Thursday, September 17, 2015

64. Review: THE CHRISTIANS (seen September 15, 2015)

“Imagine there’s No . . . Hell”
Stars range from 5-1.

John Lennon famously asked us to “Imagine there's no heaven/It's easy if you try/No hell below us/Above us only sky.” In THE CHRISTIANS,  Lucas Hnath’s mildly eccentric, thoughtful ninety-minute play, Paul (Andew Garman), charismatic leader of a newly built evangelical megachurch, whose costs have just been paid off, delivers a surprising sermon in which he tells his thousands of parishioners that he’s come to the conviction that hell doesn’t exist. His wife, Elizabeth (Linda Powell), and Elder Jay (Phillip Kerr), head of the church’s board—may be puzzled, but no one objects until Associate Pastor Joshua (Larry Powell) admits to “wrestling” with the proposition. He politely challenges Paul in a tense debate citing scripture and verse, with Paul explaining why the Bible’s English translation can’t be trusted.  The congregation is polled and most decide to accept Paul’s position. Paul abruptly asks the much-loved Joshua—albeit someone who tends to warn “sinners” of their path to hell—to leave. He does, followed by only fifty others.  
 I’m not a Christian, and my theological views are admittedly uninformed, but it’s hard not to think that any leading evangelical pastor—Billy Graham, Rick Warren, or Joel Osteen, for example—would be asked to step down if he suddenly insisted there’s no hell. Belief in heaven and hell, and the need for salvation through acceptance of the Lord, are bedrocks of Christian faith. Paul claims that no matter how wicked people have been—even Hitler—they’ll wind up in heaven, a place so pure that people will join their murderers in one big happy family. He also rejects the Christian belief that decent people, even saintly heroes, will be damned merely because they haven’t accepted Jesus.
Sure enough, after initially accepting Paul’s argument, a crack appears in the church's facade when, a quiet, shy congregant named Jenny (Emily Donahue), asks a series of increasingly skeptical questions that force a great fissure to open between Paul’s beliefs and those of his followers.

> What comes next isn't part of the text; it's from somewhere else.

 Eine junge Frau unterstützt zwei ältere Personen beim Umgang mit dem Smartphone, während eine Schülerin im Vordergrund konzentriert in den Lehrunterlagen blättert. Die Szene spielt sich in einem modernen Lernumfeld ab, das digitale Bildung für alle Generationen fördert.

Soon, the hell that Paul says exists only within people’s relationships with one another (Sartre’s “Hell is other people” comes to mind), surrounds him as his wife—whose beliefs don’t coincide with his—finds herself struggling to reconcile her spousal love with her faith. Paul’s leadership is threatened and his church begins to founder. Meanwhile, reverberating in our skulls is the danger of ideological absolutism, religious, political, or whatever.
Hnath’s theological inquiry is easy for laymen—regardless of their religious beliefs—to grasp, although presented in a typically unconventional way, as is usual with this playwright. THE CHRISTIANS is set entirely on the wood paneled stage of a typical megachurch (well designed by Dane Laffrey and perfectly lit by Ben Stanton), with large screen TV-monitors showing soothing images hovering overhead, a large cross set against the back wall, a space upstage for a substantial chorus, and half a dozen velvet-upholstered fancy chairs downstage on which sit the church’s leaders, facing the audience. Entering the auditorium one immediately feels as if one is in church. The choral singers, who alternate with others at different performances, sing several hymns during the show.
All the scenes, regardless of where they’re set—including a bedroom with the characters in bed—are played on the church’s stage, each scene, no matter how private, having the aura of a public debate, with the actors speaking/whispering all their lines into mics, with lots of walking about while flipping cables out of the way. Although the actors speak with honesty and conviction—sometimes surprisingly so—the approach, heightened by Les Waters’s coolly distanced direction, privileges the play’s ideas over its characters, complex as they may seem. This effect is further underlined by Hnath’s having Paul frequently make comments into his mic like, “He says,” or “She says,” after someone has spoken, almost as if reporting it to us. Brecht seems to have been looking over the playwright’s shoulder during the writing.
Garman is in his groove as the pastor, speaking calmly and with great self-confidence as he presents his ideas and rebuts those of others; at times, when seriously challenged, he comes off as a slippery snake oil salesman, a significant part of such men’s charm. Each of the other actors must sit for long periods of time, facing us and listening to Paul’s lengthy opening sermon before engaging in dialogue with him. When they do, they all speak with controlled power, allowing their feelings to burst forth only at highly selective moments. Mr. Powell, Ms. Powell, Mr. Kerr, and Ms. Donahue turn in very fine performances, although Ms. Donahue’s speech seemed a bit muffled, even with a mic in her hands.

THE CHRISTIANS, originally seen at Louiville's Humana Festival in 2014, is a good example of the modern discussion drama. Hnath has managed to put a gripping theological problem into a novel dramatic format and to humanize it through a central character whose pride goeth before his fall.